One of the key activities in regards to the quality of the Enginuity software itself was its ability to abstract itself from the significant changes to the hardware componentry. For example, the caching algorithms themselves were unaware that the underlying physical implementation had changed from a centralized to a distributed model. The fact that front-end directors and back-end adapters were now the same component was invisible to Enginuity.
In other words, Enginuity was able to leave many of its field-proven algorithms untouched.
The newer software (e.g. the distributed caching algorithms) introduced an architecture that protected customer data in transit between distributed directors and all the way down to the disks themselves. This new code was implemented as a separately testable module that was mercilessly beaten for months.
One final note about the software: the shift to an x86 architecture required an Endian change. Endian modifications forced the Symm engineers to examine every line of code in light of the new architecture (see code reviews below). Not only did endianness of byte ordering have to be analyzed, but inter-system SRDF compatibility implied that endianness had to be transparent between systems with different processor architectures.

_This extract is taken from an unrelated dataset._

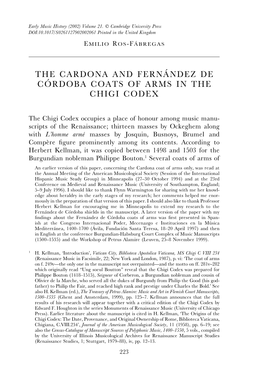 The Cardona and Fernández De Córdoba Coats of Arms in the Chigi Codex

The V-MAX system, with its enormous scale, required new and/or improved quality processes that would result in a level of quality equivalent to Symmetrix systems already in the field:
- 3 phases of failure modes and effects analysis (FMEA) were held during the design cycle. Each phase (architectural, pre-build design, and post-build validation) covered all of the gory details of all possible modes of failure. Each mode required an appropriate and resilient recovery option.
- Extensive modeling and simulation tools were used during all three phases as well. Modeling occurred at the architectural level and pre-build design level, and at the physical system level. Quality and performance results on the actual V-Max system were constantly compared and validated to models generated in previous phases.
- DFX (design for X) reviews (X = manufacturability, maintainability, serviceabilitiy, reliability, and availability) began early in development and continued throughout the development process.
- First pass concepts all underwent an extensive serviceability review, including user repair, cabling, look and feel, and human factors, which resulted in numerous enhancements.
- An advanced development team (separate from the actual developers) was chartered to shake out many of the new technology, portability, and endian issues that would eventually be discovered during development.
- An independent team was formed to focus on quality above and beyond the DMX-level testing. This separate team worked closely with the DMX teams on DMX-level compatibility and quality metrics. Note that both teams had a strong focus on SRDF and management compatibility. Both systems must seamlessly work together at customer sites.
- The software team increased its focus on rigorous code reviews given the significant architectural changes between V-Max and DMX.
It's difficult to sum up years of quality work in a single blog post, but I believe you get the point. 5 9s was considered from the beginning to the end of the project. Critical subsystems received extra protection (e.g. power fabric can survive 3 power failures, RAID-6 configurations can survive 2 drive failures, etc.).
Which brings me back to the original question: how did Symmetrix create a V-Max system with equivalent reliability to the systems that are in the field? By following the sequence below:
- Assigned the 5 9s requirement to everything.
- Target 7 9s for hardware subsystems, and 6 9s for the hardware system as a whole.
- Combined V-Max modeling tools with field reliability data from existing systems to validate the requirements.
- Performed three phases of FMEA to make sure no stone was left unturned.
- Created development and test processes that continually measured compliance to the original objectives and drove them all the way through system test and QA.